Ouvindo-se “As Rosas não falam”, a comparação com um músico erudito não parece exagerada, o que ratifica em carta medida a percepção manifestada por Chico. Quem conhece o "Vocalise, Op.34,Nº14", do compositor, maestro e pianista russo Sergei Rachmaninoff talvez nunca tenha percebido a semelhança da melodia desta com a música de Cartola. Não que o sambista não pudesse admirar algo deste tipo – pelo contrário, tinha sensibilidade musical suficiente para tal. Mas é bastante improvável que tenha se inspirado em Rachmaninoff ou mesmo escutado a peça – repetindo-a inconscientemente ou “chupando-a” conscientemente – antes de inventar os acordes deste samba.

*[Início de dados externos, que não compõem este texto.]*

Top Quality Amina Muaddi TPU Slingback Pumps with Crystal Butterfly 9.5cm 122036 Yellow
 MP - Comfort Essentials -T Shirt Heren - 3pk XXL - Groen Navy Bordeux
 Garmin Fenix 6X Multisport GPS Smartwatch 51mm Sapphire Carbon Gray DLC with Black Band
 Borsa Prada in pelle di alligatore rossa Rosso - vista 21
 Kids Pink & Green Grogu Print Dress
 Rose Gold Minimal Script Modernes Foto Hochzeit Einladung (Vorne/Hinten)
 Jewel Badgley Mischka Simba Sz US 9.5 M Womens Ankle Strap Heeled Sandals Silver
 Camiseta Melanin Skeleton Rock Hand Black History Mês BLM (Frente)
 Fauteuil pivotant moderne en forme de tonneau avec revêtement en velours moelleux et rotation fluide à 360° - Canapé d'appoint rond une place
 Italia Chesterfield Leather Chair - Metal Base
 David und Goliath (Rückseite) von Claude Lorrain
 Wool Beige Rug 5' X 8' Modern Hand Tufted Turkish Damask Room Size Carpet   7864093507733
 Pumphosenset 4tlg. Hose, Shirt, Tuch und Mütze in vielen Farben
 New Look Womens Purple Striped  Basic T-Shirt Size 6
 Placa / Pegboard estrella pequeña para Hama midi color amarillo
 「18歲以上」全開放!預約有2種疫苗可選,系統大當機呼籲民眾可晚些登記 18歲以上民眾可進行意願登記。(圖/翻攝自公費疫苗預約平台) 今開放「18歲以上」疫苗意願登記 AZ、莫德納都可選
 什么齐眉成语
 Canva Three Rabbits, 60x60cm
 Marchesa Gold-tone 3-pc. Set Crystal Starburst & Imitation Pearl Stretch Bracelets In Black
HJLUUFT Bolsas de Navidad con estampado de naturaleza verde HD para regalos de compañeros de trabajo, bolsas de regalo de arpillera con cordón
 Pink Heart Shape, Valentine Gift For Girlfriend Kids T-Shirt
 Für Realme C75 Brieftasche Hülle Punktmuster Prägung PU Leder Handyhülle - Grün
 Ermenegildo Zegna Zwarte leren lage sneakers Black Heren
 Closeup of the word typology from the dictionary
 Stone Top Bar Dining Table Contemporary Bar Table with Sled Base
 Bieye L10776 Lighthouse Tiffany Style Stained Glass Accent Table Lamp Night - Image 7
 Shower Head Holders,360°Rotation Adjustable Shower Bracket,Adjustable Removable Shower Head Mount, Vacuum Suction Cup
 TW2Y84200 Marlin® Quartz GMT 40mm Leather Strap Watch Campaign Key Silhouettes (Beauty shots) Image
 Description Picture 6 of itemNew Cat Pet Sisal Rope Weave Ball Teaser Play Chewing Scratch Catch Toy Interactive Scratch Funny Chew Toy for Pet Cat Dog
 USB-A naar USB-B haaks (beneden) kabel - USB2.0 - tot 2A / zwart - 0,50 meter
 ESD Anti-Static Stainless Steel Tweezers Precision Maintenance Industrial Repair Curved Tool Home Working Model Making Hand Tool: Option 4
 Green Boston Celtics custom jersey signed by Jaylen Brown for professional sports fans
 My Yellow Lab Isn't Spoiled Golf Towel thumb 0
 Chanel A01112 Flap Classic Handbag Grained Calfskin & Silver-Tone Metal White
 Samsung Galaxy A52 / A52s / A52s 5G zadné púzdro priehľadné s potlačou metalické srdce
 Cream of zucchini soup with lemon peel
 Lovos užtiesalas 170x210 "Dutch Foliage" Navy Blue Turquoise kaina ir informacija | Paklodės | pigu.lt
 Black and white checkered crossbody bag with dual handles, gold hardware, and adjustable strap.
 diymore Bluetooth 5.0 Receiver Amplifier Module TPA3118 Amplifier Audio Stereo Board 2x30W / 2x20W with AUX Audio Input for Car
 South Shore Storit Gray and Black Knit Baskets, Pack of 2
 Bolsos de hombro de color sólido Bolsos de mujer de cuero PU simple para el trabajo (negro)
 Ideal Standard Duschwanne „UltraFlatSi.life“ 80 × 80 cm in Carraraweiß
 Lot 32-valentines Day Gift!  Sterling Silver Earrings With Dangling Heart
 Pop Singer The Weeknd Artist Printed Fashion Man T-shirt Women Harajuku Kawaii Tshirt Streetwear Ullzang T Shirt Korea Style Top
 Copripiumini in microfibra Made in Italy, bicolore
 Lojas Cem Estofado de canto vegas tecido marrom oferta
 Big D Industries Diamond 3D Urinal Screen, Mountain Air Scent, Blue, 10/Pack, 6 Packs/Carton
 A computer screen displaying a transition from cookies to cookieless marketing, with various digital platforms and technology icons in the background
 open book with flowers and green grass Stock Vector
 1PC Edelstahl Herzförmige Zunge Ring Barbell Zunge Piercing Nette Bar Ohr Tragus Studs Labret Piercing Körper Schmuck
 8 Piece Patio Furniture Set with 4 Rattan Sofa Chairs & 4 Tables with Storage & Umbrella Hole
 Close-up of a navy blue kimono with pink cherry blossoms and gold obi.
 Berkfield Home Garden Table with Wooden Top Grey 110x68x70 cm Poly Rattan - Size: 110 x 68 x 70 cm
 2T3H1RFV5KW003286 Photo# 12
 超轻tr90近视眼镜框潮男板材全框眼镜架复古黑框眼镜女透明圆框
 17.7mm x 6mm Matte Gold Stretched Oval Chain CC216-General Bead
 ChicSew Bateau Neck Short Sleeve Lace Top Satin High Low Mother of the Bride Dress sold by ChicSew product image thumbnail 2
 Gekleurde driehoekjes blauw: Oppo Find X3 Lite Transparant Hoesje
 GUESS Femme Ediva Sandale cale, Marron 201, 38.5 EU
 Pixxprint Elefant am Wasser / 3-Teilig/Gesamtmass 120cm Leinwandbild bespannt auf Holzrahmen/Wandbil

Proposital ou não, é-lhe elogiável. O arranjo, o qual conta novamente com a flauta de Carrilho, favorece o brilhantismo cristalino da melodia e da harmonia. E o que dizer da riqueza literária desses versos: “Queixo-me às rosas, que bobagem/ As rosas não falam/ Simplesmente as rosas exalam/ O perfume que roubam de ti, ai”?

“Sei Chorar”, de ritmo animado mas de letra igualmente sobre um amor desiludido, abre caminho para mais uma genial: “Ensaboa”. Lundu em dueto novamente com Creusa, se situa entre a reverência à linguagem ancestral africana, repetindo os cantos de trabalho das lavadeiras rurais, e a poesia modernista, no emprego fonético da sintaxe, no ritmo interno das palavras e na abordagem social do tema central. Marisa Monte também gravaria essa nos anos 90 numa linda versão em que lhe intensifica o aspecto rítmico. Finalizando o disco mais um clássico: “Cordas de aço”. Metalinguística, é a simbiose entre emoção e técnica, entre artista e sua arte. “Ai, essas cordas de aço/ Este minúsculo braço/ Do violão que os dedos meus acariciam/ Ai, esse bojo perfeito/ Que trago junto ao meu peito/ Só você, violão, compreende porque/ Perdi toda alegria”.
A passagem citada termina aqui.